▶ What is expected: Without the pictures, print the lines from the one holding "Achterkant van het" through the last line below, both included, exactly as they stand.

▶ Data:

== Segment start ==

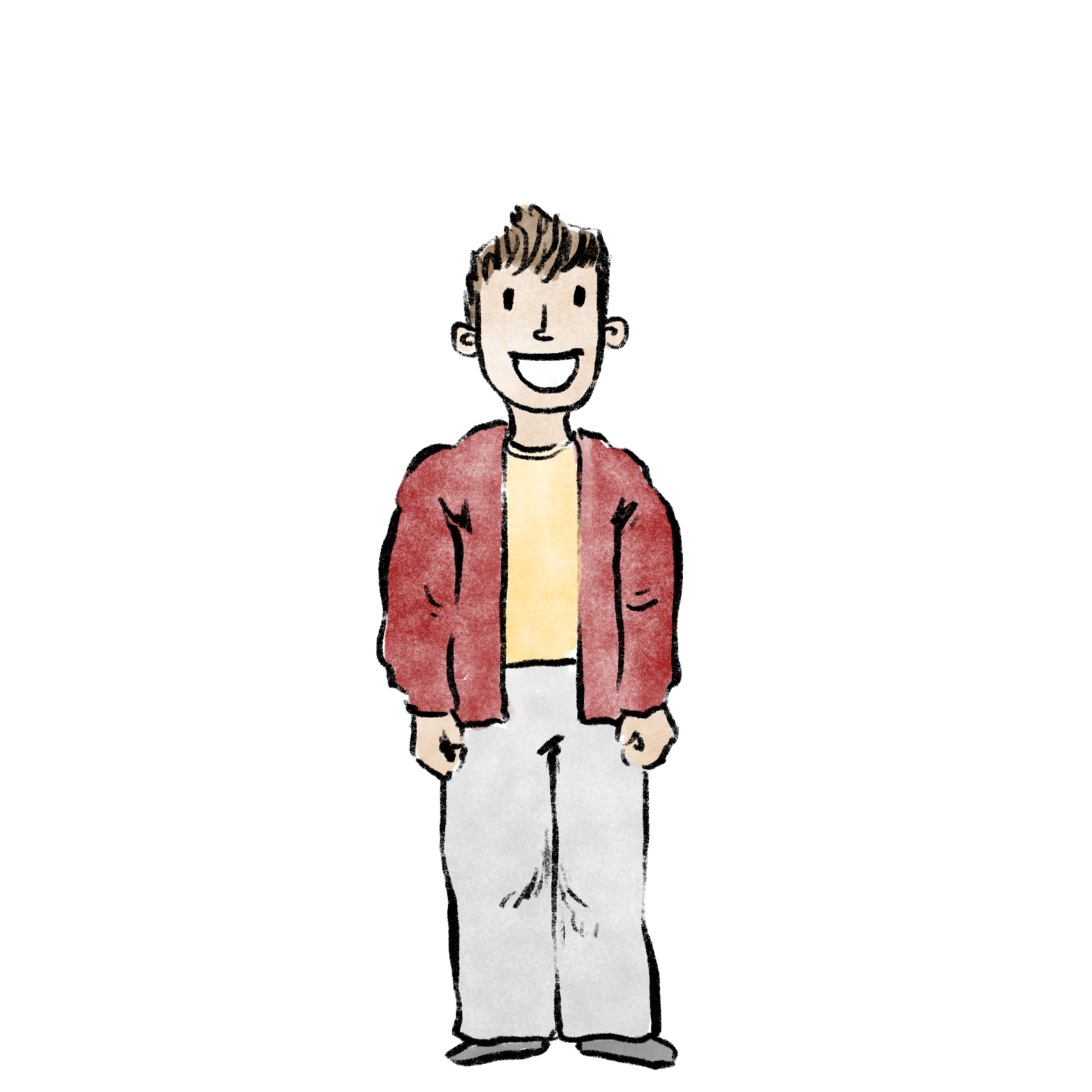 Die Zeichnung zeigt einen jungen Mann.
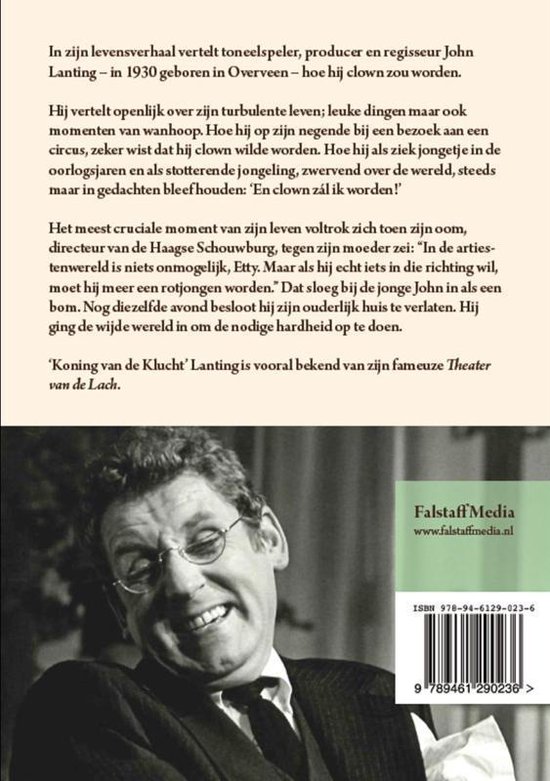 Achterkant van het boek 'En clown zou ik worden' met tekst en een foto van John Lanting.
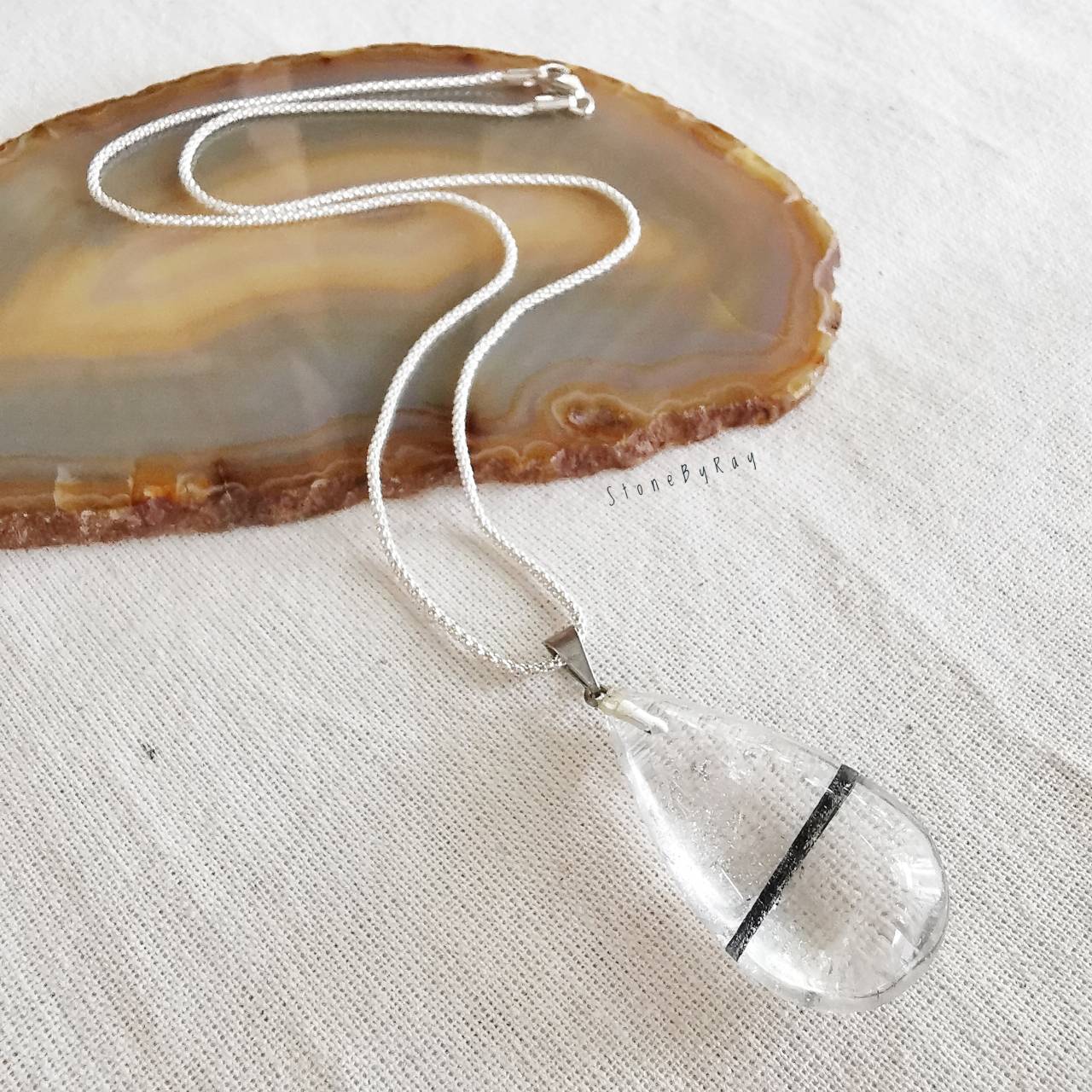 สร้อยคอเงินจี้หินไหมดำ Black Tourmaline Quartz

== Segment end ==

▶ Response to the exercise:
 Achterkant van het boek 'En clown zou ik worden' met tekst en een foto van John Lanting.
 สร้อยคอเงินจี้หินไหมดำ Black Tourmaline Quartz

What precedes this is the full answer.